◆ **PROBLEM STATEMENT**
What needs transcribing is the line with "Floral Buta and" and every line after it to the end of the records, exactly and alone, with no pictures.

#### EXERCISE MATERIAL ####

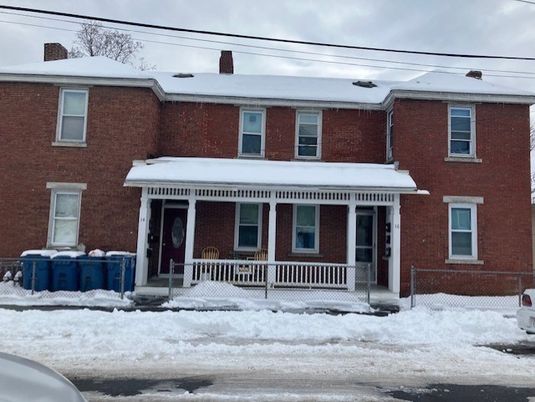 Exterior, Facade, Brick Facade, Rowhouse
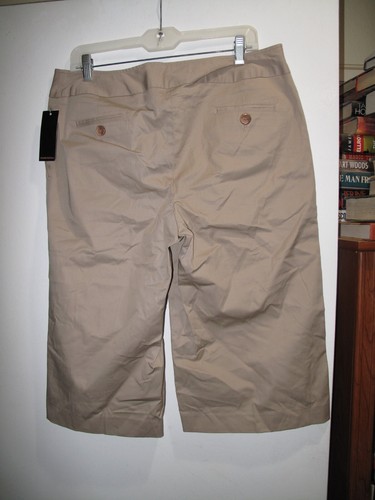 NEW. Jennifer & Grace Ladies Long Shorts, Size 12P. Khaki. A GR8 Deal - Picture 2 of 2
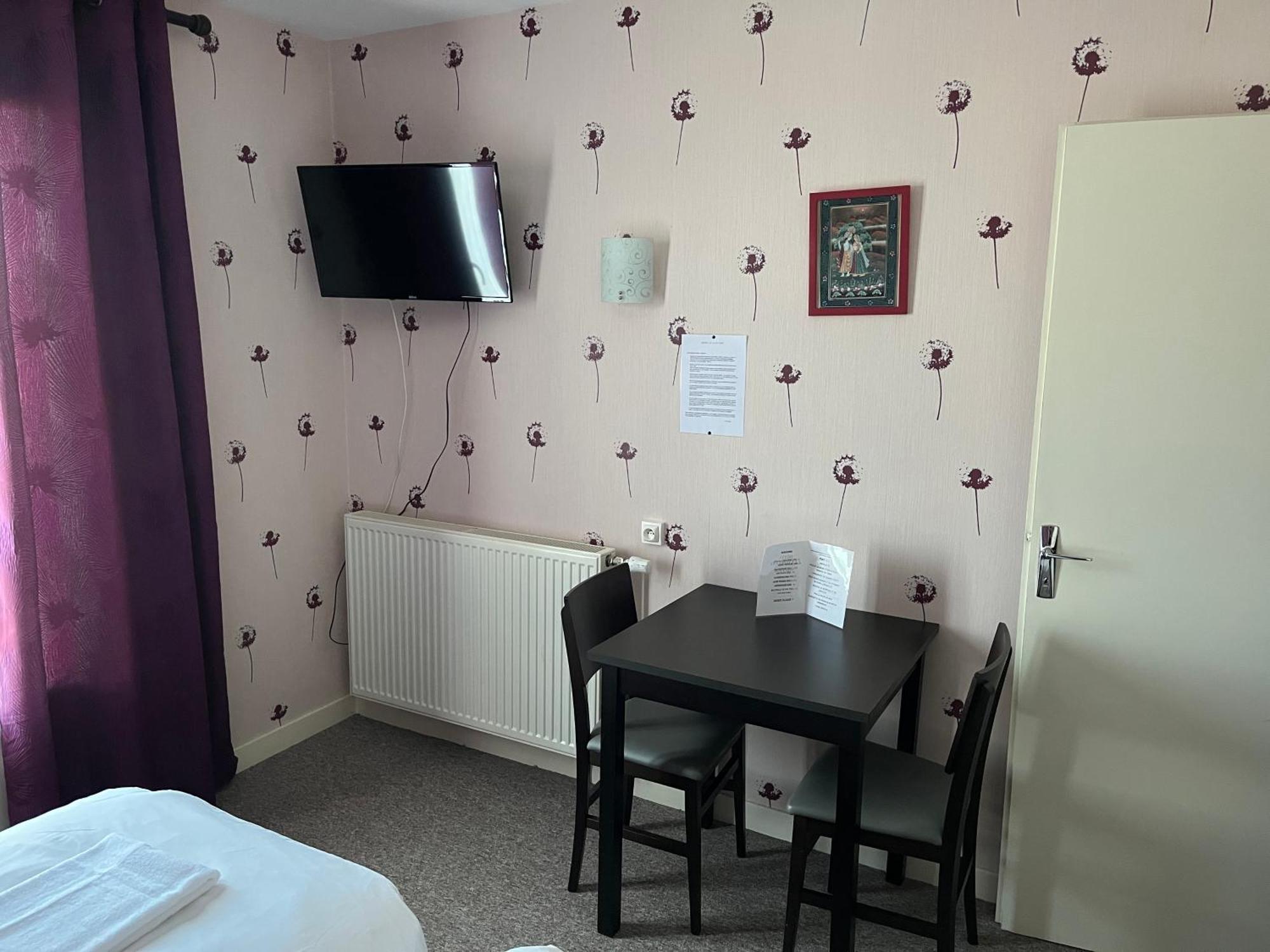Hotel Le Lyon Vert Commentry Екстериор снимка
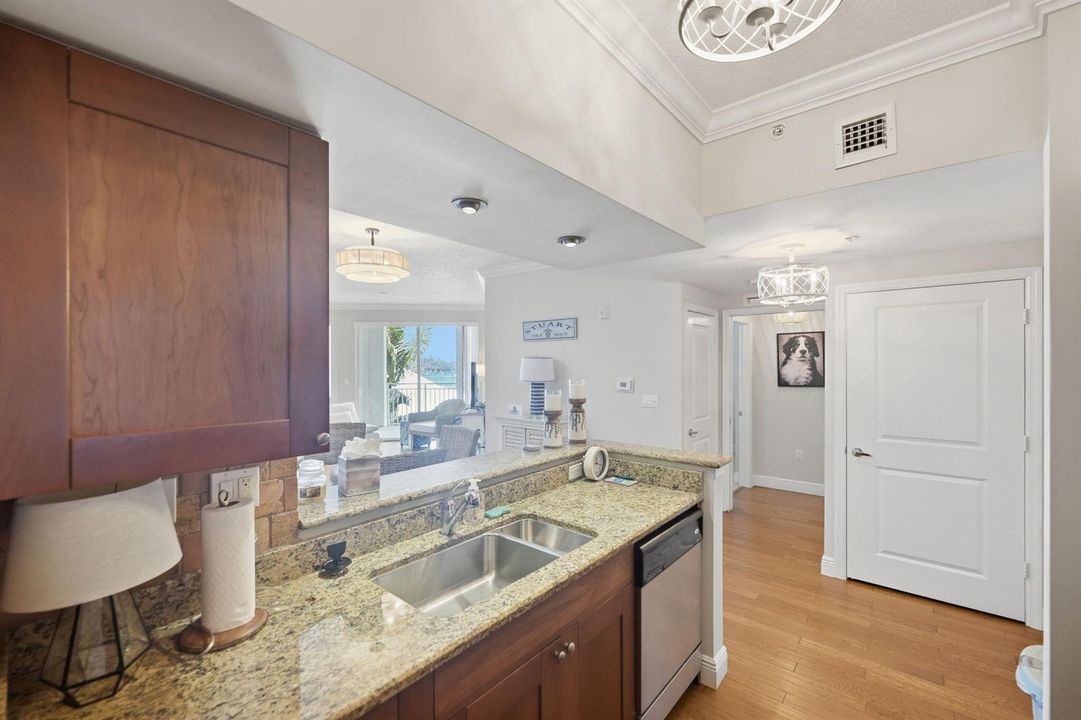 24-web-or-mls-975-nw-flagler-ave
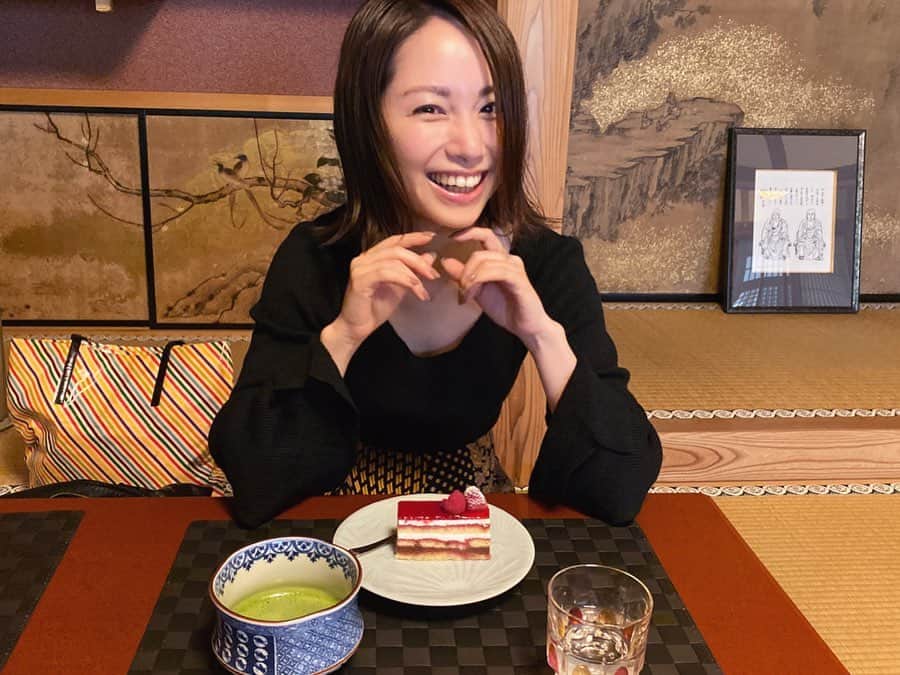 寺田有希さんのインスタグラム写真 - (寺田有希Instagram)「高野山でめーっちゃ美味しいケーキが食べれること、知ってました🤭🍰？？ ・ ・ フランスでも賞を獲得したことがある林シェフのお店『パティスリー　モンプリュ』。ここのケーキが、西室院っていうお寺の喫茶室(@koubou2466 )で食べれるんだよー！！！ https://montplus.com/ ・ ・ 結構、ビックリよね🤭 ・ ・ 高野山ってさ、お茶屋さんとか少ないのよね お店少なくて困るのよ… 何回も来てるけど、毎度困る。笑笑 ・ ・ そんな時にいいよねー ここはお寺だからもちろんお庭も綺麗だし、そしてお寺らしくお抹茶も立ててくれる！ ・ ・ 私、正直甘いもの苦手で…笑 ケーキとか注文したの何年振り！！？？みたいな感じやけど、ついつい注文して、食べてみたら… ・ ・ 美味しかった😳✨ ちゃんと一つ食べれた😳✨ ・ ・ 西室院は『女人堂』に向かう途中にあるし、すぐ近くにバス停もあって『奥の院』まで行ってくれるから、本当に途中休憩にいいよー ・ ・ 『すごい！！！！！』 と思った結果、ちゃんと宣伝してもうたな。笑 ・ ・ 高野山観光に行く方は是非ご参考に！ ・ ・ 【高野山から平和を祈る3日間】 world peace gathering in koyasan 2019 #wpgkoyasan https://wpg-koyasan.com ・ ・ #高野山 #koyasan #西室院 #パティスリーモンプリュ #おすすめ #寺田有希 #teradayuki」10月21日 12時27分 - terada_yuki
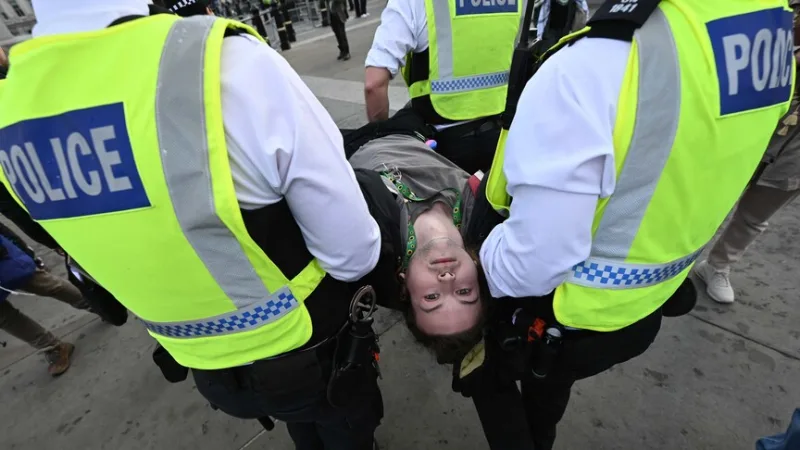 V Londýně bylo při demonstraci na podporu skupiny „Palestine Action“ zadrženo 523 osob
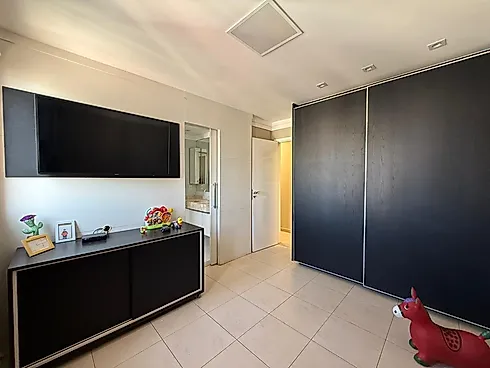 Vende-SE Apart Torre de Rhodes - Setor Oeste - Foto 34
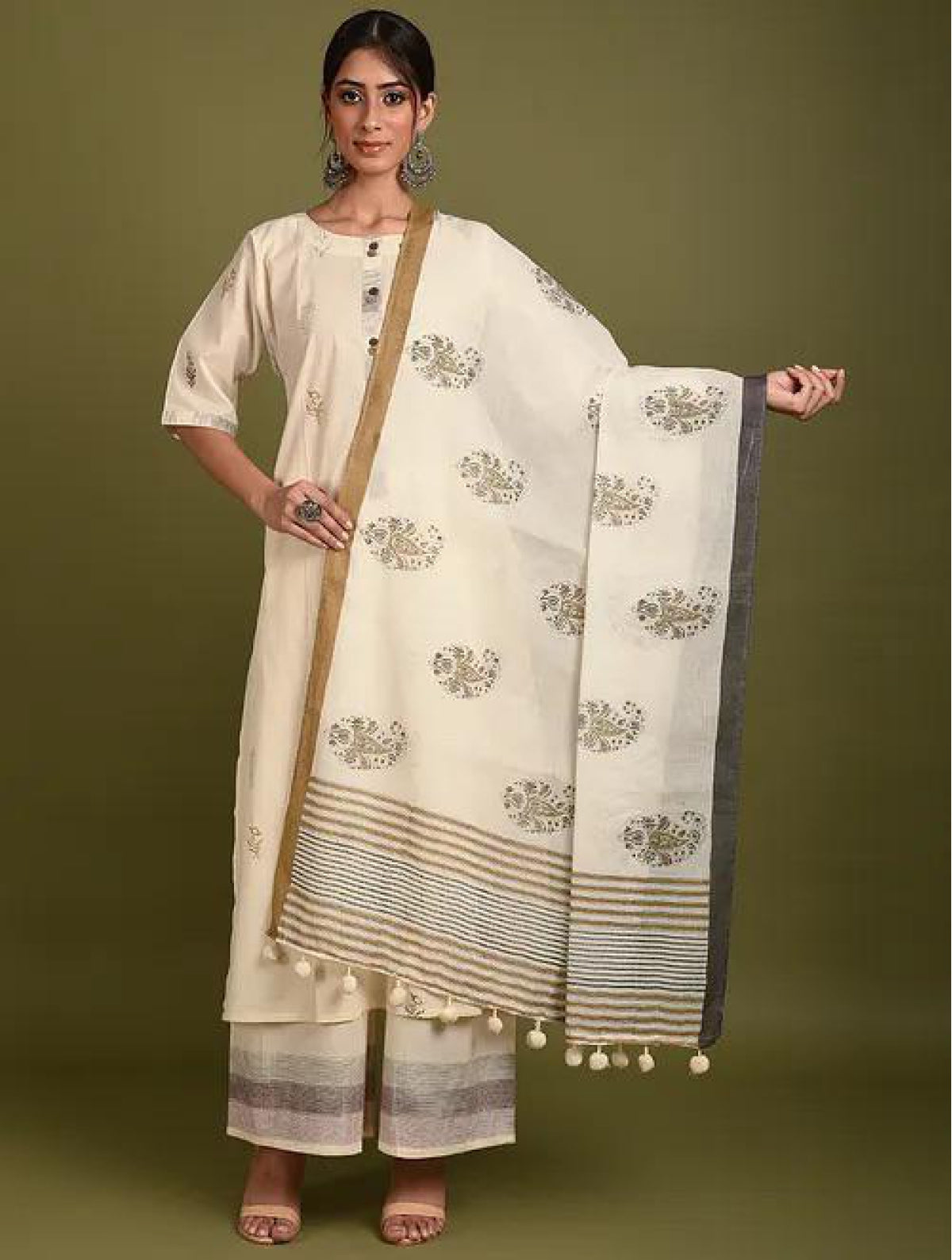 Floral Buta and Stripe Kurta, Pants & Dupatta set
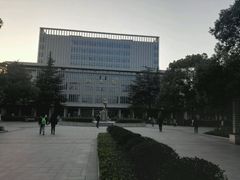 -中国地质大学图书馆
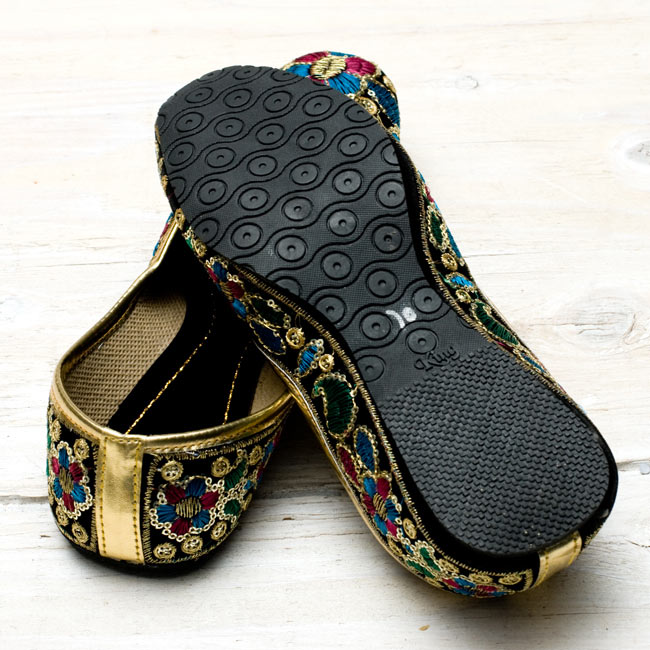 刺繍とスパンコールのフラットシューズ 5 - 裏面の写真です。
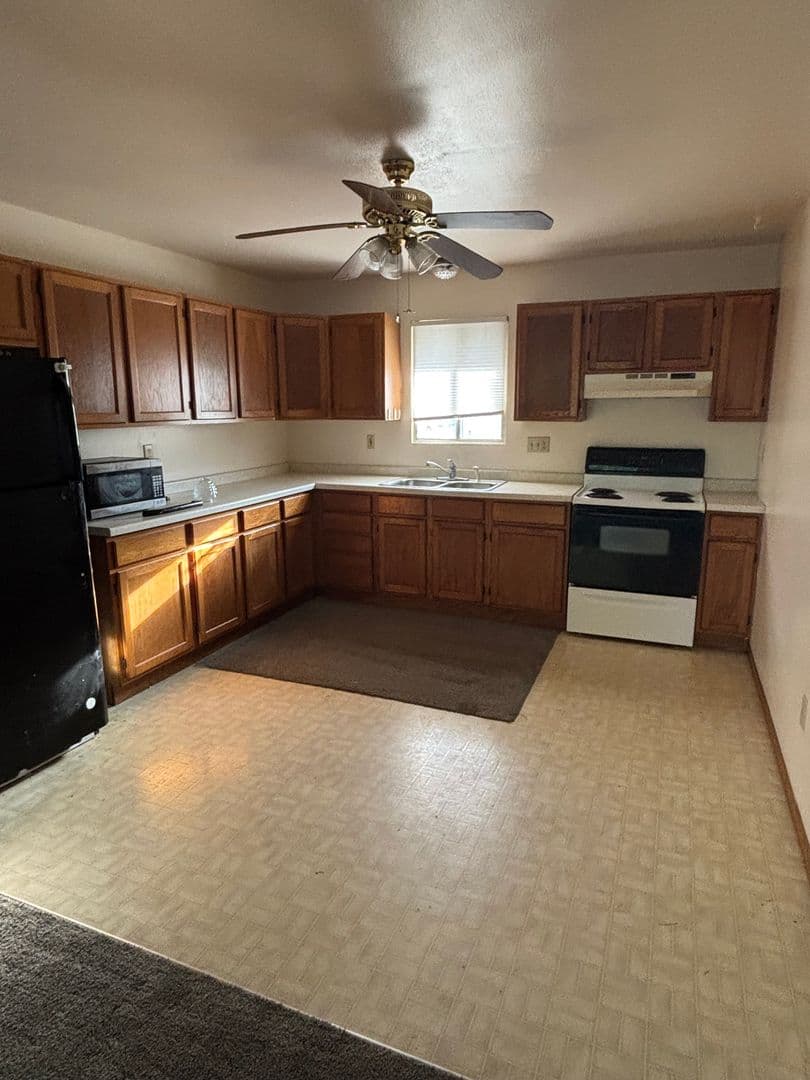 Horicon Apartment: 1022 Main St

####

◆ **RESPONSE TO THIS EXERCISE**
 Floral Buta and Stripe Kurta, Pants & Dupatta set
 -中国地质大学图书馆
 刺繍とスパンコールのフラットシューズ 5 - 裏面の写真です。
 Horicon Apartment: 1022 Main St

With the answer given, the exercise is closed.